At that time, the idea was that "real" calculations were to run on a main frame. But we recognised the need to have a more flexible device for graphical displays. A more flexible front end was all we were hoping for.
We went around to inspect what was available, and ended up with a decision for a device that just arrived at that time, Apple Macintosh. There was no development environment at that time. So we went for cross-development on Apple Lisa. We had to build up a statistical library from FORTRAN scratch at that time. Ulrich Mansmann, now in a chair as well, was one of the first ones to spend his energy on theses tasks.
But computing was only a side issue. The computing facilities allowed us to develop an experimental approach to new statistical theories and models.
Kolloquium über Statistik 1971 – 2004
The Colloquium was already initiated about 1971 when D.W.Müller was in Frankfurt, and was extended to a Frankurt/Heidelberg cooperation when D.W.Müller moved to Heidelberg.
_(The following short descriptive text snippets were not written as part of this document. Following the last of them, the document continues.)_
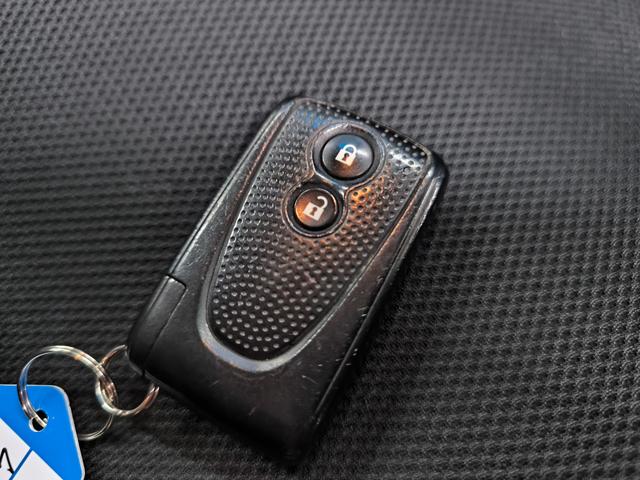 ステラ カスタムR スマートアシスト 禁煙車 車検整備付き 純14AW プッシュスタート スマートキー 取説整備手帳 ETC LEDヘッドライト 盗難防止システム 衝突安全ボディ 衝突軽減ブレーキ アクセル踏み違い防止システム 横滑り防止(41枚目)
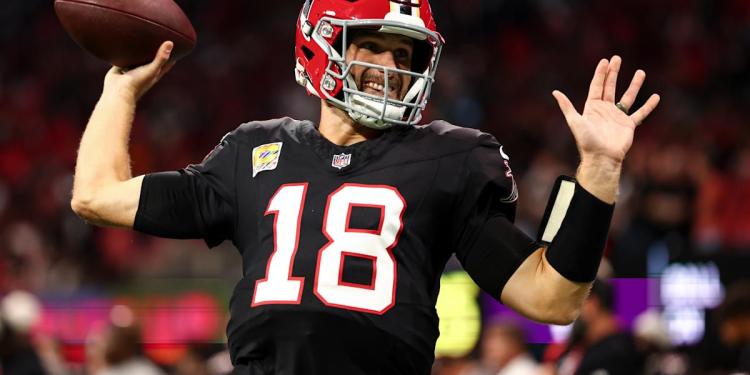 Buccaneers vs. Falcons Thursday Night Football result: Atlanta stuns Tampa Bay in OT in huge night for Kirk Cousins Buccaneers vs. Falcons Thursday Night Football result: Atlanta stuns Tampa Bay in OT in huge night for Kirk Cousins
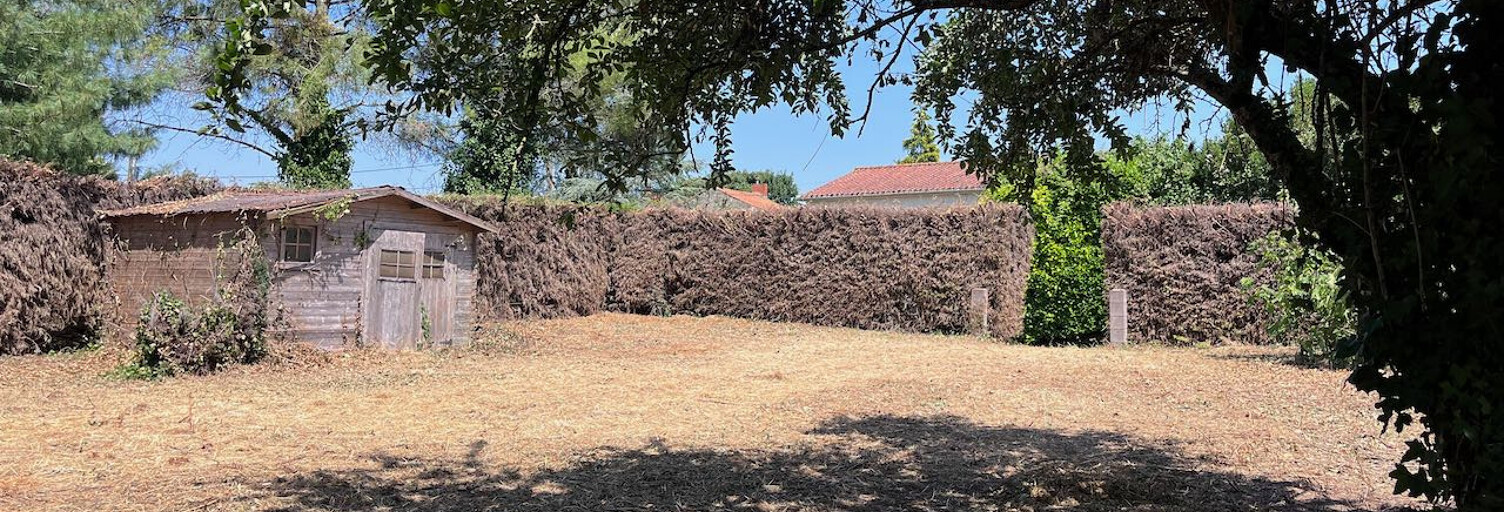 Terrain  797 m² à vendre à Saint-Étienne-de-Brillouet (85210)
Deliberately it was marked as a seminar, a meeting where seeds were seminated. Reception of new ideas and discussion was invited here. Lucien LeCam's "current literature" seminar was a model. The Colloquium started with a lecture by D.W.Müller on consistency of Bayes estimators. It was continued as a Frankfurt/Heidelberg collaboration, with Hermann Dinges being one of the main Frankfurt partners, until it terminated after more than 30 years, with a closing talk, again by D.W.Müller on consistency of Bayes estimators. To be continued…
Statistics Days: Statistik-Tage in Heidelberg 1984 –
As stated, there was never a guaranteed budget for StatLab. Fortunately, in the beginning years, there was the special research unit SFB 123 "stochastic mathematical models" of the Deutsche Forschungsgemeinschaft. So there was funding for research, and StatLab could benefit from this neighbourhood.
Using these funds, on the research side, D.W.M. established the "Statistik-Tage in Heidelberg" as a meeting for quick exchange of new research ideas. The idea was to invite young international researchers to present their research ideas, and of course to collect stimuli for future research.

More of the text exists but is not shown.